Submissions came from students in the Natural and Social Sciences, Engineering, Languages, Literature and Linguistics and the Arts and Humanities. Following rigorous review by a committee of seven faculty members a total of twenty-two proposals were recommended to the Vice Chancellor for support. Most of the winning students will receive an award of $3,000 that can be used as a stipend or to cover travel and other costs associated with their proposed work.

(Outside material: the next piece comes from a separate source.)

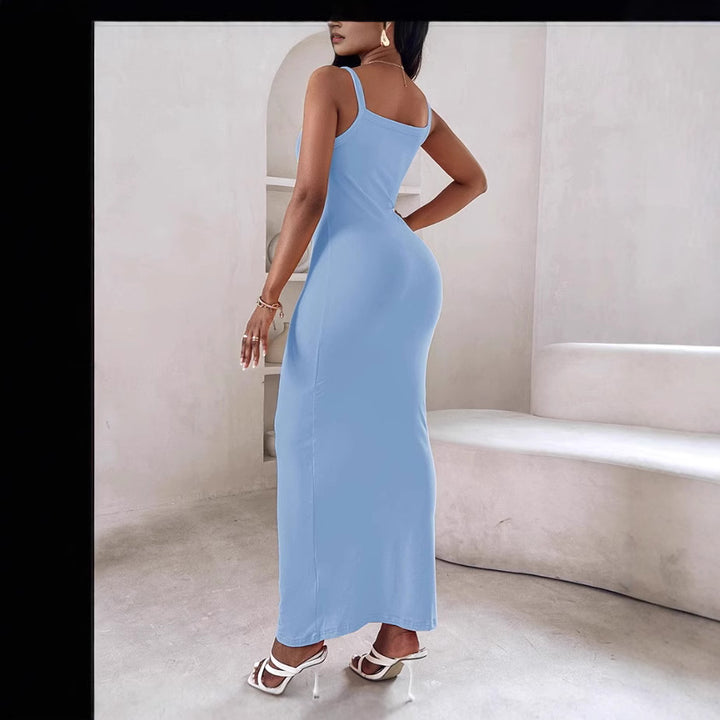 Damen figurbetontes Maxikleid mit schmalen Trägern und raffiniertem Schnitt Drune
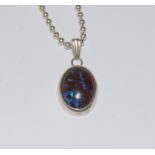 Boulder Opal 925 Silver Pendant.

In making these awards, Ostrander said, "The opportunity to be involved in an independent research activity is the value-added component to an undergraduate education at UH Manoa. These experiences can equip students with the important organizational and critical thinking skills they can take into a professional career or further education in graduate school."
Director of Research Relations Harold McArthur is coordinating the program. He noted that the projects range from a botanical inventory of Kipapa Trail in the O‛ahu Forest National Wildlife Refuge to a hands-on study of Islamic style glass production in Turkey and an archeological excavation in Egypt.
Challenging topics in the natural sciences and engineering include a study of magma speedometry (movement of a type of lava in volcanoes) and an evaluation of the time of flight electronics for the world‘s highest luminosity collider (a particle accelerator) in Japan. In the social sciences, one winning student researcher will investigate factors related to mate preferences in adopted individuals, while an aspiring psychologist will study the effect of perceived controllability of pain on preference type of social support by chronic pain patients.
Students receiving summer research awards will be required to participate in a public presentation of the results of their work during the fall semester. Ostrander noted that he expects this to be the beginning of what will become a permanent program to support undergraduate education at UH Manoa.